(Collected data)
****************************************

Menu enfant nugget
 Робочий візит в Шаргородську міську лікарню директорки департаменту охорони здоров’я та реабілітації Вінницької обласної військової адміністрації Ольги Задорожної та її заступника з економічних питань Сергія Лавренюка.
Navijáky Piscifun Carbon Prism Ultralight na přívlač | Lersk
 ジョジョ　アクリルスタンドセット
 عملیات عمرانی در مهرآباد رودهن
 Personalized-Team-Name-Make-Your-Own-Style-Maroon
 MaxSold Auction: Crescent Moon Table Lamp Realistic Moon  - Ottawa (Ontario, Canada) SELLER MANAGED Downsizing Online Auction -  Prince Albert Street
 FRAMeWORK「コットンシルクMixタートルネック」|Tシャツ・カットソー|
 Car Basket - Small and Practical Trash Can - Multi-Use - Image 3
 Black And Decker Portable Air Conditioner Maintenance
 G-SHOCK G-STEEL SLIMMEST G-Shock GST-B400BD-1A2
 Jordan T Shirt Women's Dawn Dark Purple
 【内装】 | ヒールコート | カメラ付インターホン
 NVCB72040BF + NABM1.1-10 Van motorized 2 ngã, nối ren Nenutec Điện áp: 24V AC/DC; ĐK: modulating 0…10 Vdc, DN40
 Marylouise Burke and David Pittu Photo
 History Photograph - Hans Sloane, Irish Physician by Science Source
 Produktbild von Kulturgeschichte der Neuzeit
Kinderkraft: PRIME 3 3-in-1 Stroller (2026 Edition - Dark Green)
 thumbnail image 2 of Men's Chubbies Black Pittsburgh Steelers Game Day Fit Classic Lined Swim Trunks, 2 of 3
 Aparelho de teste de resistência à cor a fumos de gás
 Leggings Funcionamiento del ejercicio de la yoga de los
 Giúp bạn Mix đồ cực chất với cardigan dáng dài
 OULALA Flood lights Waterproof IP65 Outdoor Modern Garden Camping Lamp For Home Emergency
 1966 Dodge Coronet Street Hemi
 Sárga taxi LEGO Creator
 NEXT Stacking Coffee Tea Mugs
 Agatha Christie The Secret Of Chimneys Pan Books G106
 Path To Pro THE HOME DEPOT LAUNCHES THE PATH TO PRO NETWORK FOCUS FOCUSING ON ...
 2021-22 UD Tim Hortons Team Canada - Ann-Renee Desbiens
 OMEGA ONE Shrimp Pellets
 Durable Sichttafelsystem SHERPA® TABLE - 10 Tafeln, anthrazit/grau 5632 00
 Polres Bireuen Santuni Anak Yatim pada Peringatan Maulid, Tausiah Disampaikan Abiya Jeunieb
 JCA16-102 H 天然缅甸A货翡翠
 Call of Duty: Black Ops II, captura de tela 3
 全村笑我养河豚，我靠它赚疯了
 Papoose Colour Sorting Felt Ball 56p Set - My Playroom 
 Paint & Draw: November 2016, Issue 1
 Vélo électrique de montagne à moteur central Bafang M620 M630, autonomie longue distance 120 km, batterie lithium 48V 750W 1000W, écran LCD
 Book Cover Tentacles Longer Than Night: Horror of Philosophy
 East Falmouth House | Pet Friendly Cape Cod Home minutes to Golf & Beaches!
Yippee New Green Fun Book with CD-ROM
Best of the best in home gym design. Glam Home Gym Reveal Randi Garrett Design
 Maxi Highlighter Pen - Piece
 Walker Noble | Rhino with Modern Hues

****************************************

_TASK BRIEF_:
Copy the entries exactly as they appear.

_YOUR RESPONSE_:
Menu enfant nugget
 Робочий візит в Шаргородську міську лікарню директорки департаменту охорони здоров’я та реабілітації Вінницької обласної військової адміністрації Ольги Задорожної та її заступника з економічних питань Сергія Лавренюка.
Navijáky Piscifun Carbon Prism Ultralight na přívlač | Lersk
 ジョジョ　アクリルスタンドセット
 عملیات عمرانی در مهرآباد رودهن
 Personalized-Team-Name-Make-Your-Own-Style-Maroon
 MaxSold Auction: Crescent Moon Table Lamp Realistic Moon  - Ottawa (Ontario, Canada) SELLER MANAGED Downsizing Online Auction -  Prince Albert Street
 FRAMeWORK「コットンシルクMixタートルネック」|Tシャツ・カットソー|
 Car Basket - Small and Practical Trash Can - Multi-Use - Image 3
 Black And Decker Portable Air Conditioner Maintenance
 G-SHOCK G-STEEL SLIMMEST G-Shock GST-B400BD-1A2
 Jordan T Shirt Women's Dawn Dark Purple
 【内装】 | ヒールコート | カメラ付インターホン
 NVCB72040BF + NABM1.1-10 Van motorized 2 ngã, nối ren Nenutec Điện áp: 24V AC/DC; ĐK: modulating 0…10 Vdc, DN40
 Marylouise Burke and David Pittu Photo
 History Photograph - Hans Sloane, Irish Physician by Science Source
 Produktbild von Kulturgeschichte der Neuzeit
Kinderkraft: PRIME 3 3-in-1 Stroller (2026 Edition - Dark Green)
 thumbnail image 2 of Men's Chubbies Black Pittsburgh Steelers Game Day Fit Classic Lined Swim Trunks, 2 of 3
 Aparelho de teste de resistência à cor a fumos de gás
 Leggings Funcionamiento del ejercicio de la yoga de los
 Giúp bạn Mix đồ cực chất với cardigan dáng dài
 OULALA Flood lights Waterproof IP65 Outdoor Modern Garden Camping Lamp For Home Emergency
 1966 Dodge Coronet Street Hemi
 Sárga taxi LEGO Creator
 NEXT Stacking Coffee Tea Mugs
 Agatha Christie The Secret Of Chimneys Pan Books G106
 Path To Pro THE HOME DEPOT LAUNCHES THE PATH TO PRO NETWORK FOCUS FOCUSING ON ...
 2021-22 UD Tim Hortons Team Canada - Ann-Renee Desbiens
 OMEGA ONE Shrimp Pellets
 Durable Sichttafelsystem SHERPA® TABLE - 10 Tafeln, anthrazit/grau 5632 00
 Polres Bireuen Santuni Anak Yatim pada Peringatan Maulid, Tausiah Disampaikan Abiya Jeunieb
 JCA16-102 H 天然缅甸A货翡翠
 Call of Duty: Black Ops II, captura de tela 3
 全村笑我养河豚，我靠它赚疯了
 Papoose Colour Sorting Felt Ball 56p Set - My Playroom 
 Paint & Draw: November 2016, Issue 1
 Vélo électrique de montagne à moteur central Bafang M620 M630, autonomie longue distance 120 km, batterie lithium 48V 750W 1000W, écran LCD
 Book Cover Tentacles Longer Than Night: Horror of Philosophy
 East Falmouth House | Pet Friendly Cape Cod Home minutes to Golf & Beaches!
Yippee New Green Fun Book with CD-ROM
Best of the best in home gym design. Glam Home Gym Reveal Randi Garrett Design
 Maxi Highlighter Pen - Piece
 Walker Noble | Rhino with Modern Hues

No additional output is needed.